Cuando Herodes Antipas iba a Jerusalén se hospedaba en el viejo palacio macabeo de Herodes el Grande, y fue a este palacio del anterior rey que Jesús fue llevado por los guardianes del templo, seguido por sus acusadores y una multitud en aumento. Herodes por mucho tiempo había oído hablar de Jesús, y tenía mucha curiosidad de verle. Cuando el Hijo del Hombre estuvo ante él, este viernes por la mañana, el malvado idumeo no recordó en ningún momento al muchacho de años anteriores que había aparecido ante él en Séforis, pidiéndole una decisión justa sobre el dinero que se le debía a su padre, quien había muerto accidentalmente mientras trabajaba en uno de los edificios públicos. Por lo que sabía Herodes, él nunca había visto a Jesús, aunque mucho se había preocupado por él cuando hacía su obra en Galilea. Ahora, con Jesús en la custodia de Pilato y de los judeos, Herodes ansiaba verlo, pues le parecía que ya no corría peligro de que surgieran problemas por él en el futuro. Herodes mucho había oído de los milagros forjados por Jesús, y realmente esperaba verlo realizar algún portento. 

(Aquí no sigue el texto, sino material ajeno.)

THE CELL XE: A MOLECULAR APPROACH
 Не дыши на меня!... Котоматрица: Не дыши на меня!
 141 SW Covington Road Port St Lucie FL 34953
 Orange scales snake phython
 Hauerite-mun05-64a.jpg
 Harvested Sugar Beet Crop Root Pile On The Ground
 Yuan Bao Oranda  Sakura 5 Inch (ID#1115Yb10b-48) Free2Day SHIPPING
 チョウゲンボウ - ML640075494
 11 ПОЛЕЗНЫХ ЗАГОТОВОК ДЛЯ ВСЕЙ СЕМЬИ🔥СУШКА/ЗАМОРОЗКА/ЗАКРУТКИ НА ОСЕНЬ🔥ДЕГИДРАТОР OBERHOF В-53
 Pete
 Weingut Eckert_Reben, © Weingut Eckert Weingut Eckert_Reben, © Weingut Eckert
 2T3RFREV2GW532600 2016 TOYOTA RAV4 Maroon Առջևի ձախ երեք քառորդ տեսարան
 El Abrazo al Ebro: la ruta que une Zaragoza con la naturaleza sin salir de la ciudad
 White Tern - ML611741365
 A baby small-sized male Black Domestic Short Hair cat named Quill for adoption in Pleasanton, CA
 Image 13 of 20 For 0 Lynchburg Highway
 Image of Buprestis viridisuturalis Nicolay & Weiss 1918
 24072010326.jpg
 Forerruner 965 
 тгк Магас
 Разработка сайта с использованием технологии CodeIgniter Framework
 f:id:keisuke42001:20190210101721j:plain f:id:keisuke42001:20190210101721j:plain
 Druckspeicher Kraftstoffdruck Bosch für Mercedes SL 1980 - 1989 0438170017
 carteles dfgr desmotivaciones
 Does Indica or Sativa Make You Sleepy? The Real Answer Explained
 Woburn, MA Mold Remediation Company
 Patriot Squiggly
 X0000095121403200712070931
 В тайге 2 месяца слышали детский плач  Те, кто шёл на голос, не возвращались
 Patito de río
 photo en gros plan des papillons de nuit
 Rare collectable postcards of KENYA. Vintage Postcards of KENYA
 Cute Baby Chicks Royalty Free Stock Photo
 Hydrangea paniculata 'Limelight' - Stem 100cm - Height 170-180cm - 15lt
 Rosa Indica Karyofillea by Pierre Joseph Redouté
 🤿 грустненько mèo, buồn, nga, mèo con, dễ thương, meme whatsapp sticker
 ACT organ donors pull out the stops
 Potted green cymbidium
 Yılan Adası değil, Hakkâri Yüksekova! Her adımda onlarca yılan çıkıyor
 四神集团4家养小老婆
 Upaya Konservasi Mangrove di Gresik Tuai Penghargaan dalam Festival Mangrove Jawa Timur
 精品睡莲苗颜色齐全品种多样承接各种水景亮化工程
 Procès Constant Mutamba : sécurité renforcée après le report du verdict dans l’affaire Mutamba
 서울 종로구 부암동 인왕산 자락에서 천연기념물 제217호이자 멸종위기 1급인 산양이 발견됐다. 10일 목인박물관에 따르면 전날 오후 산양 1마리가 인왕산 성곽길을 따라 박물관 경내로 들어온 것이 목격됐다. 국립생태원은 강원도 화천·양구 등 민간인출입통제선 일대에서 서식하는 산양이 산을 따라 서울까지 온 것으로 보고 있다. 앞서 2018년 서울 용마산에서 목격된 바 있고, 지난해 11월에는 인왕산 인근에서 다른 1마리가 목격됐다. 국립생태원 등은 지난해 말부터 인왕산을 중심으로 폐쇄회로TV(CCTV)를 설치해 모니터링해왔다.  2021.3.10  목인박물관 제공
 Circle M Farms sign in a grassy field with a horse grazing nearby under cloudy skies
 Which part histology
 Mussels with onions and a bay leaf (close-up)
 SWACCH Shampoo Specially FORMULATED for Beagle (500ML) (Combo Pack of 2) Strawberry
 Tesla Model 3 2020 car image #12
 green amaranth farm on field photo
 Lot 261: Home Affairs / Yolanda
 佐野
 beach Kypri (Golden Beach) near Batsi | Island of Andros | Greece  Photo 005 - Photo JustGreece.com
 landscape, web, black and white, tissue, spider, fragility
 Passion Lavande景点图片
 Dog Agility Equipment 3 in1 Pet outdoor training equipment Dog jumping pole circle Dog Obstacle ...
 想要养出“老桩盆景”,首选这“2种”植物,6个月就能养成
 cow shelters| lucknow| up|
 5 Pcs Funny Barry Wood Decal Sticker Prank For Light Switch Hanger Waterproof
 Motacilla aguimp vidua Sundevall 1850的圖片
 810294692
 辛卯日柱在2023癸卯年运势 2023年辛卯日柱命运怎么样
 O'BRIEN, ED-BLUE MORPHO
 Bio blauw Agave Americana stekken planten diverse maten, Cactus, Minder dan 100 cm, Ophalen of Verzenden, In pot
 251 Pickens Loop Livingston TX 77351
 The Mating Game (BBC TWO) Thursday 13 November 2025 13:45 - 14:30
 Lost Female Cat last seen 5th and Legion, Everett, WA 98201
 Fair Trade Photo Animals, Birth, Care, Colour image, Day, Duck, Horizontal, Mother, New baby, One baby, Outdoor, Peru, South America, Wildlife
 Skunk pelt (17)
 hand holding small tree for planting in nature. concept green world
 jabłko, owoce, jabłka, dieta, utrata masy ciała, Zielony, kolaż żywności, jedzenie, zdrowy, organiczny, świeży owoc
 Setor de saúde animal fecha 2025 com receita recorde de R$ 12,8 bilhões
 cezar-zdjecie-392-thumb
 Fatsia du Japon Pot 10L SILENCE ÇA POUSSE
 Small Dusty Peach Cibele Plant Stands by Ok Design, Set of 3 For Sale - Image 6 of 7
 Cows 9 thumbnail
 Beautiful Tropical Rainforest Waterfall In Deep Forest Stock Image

Cuando trajeron a Jesús ante Herodes, el tetrarca se sorprendió de su apariencia majestuosa y de la calma de su conducta. Durante unos quince minutos hizo Herodes preguntas a Jesús pero el Maestro no respondió. Herodes lo provocó, desafiándolo a que realizara un milagro, pero Jesús no respondió a sus muchas preguntas ni a sus desafíos.
     
Entonces Herodes se volvió a los altos sacerdotes y los saduceos y, prestando oído a sus acusaciones, oyó todo lo que Pilato había escuchado, y más, sobre las supuestas fechorías del Hijo del Hombre. Finalmente, convencido de que Jesús ni hablaría ni realizaría un portento para él, Herodes, después de burlarse de él por un tiempo, le envolvió en un viejo manto de púrpura real y lo mandó de vuelta a Pilato. Herodes sabía que no tenía jurisdicción sobre Jesús en Judea. Aunque se alegraba de creer que finalmente estaría libre de Jesús en Galilea, estaba agradecido de que fuera responsabilidad de Pilato condenarlo a muerte. Herodes no se había recobrado nunca plenamente del temor que lo perseguía por haber dado muerte a Juan el Bautista. Herodes en ciertos momentos temió que Jesús fuera Juan, resucitado de entre los muertos. Ahora pudo liberarse de ese temor, puesto que observó que Jesús era una persona muy distinta del extrovertido y apasionado profeta que se había atrevido a exponer y denunciar su vida privada.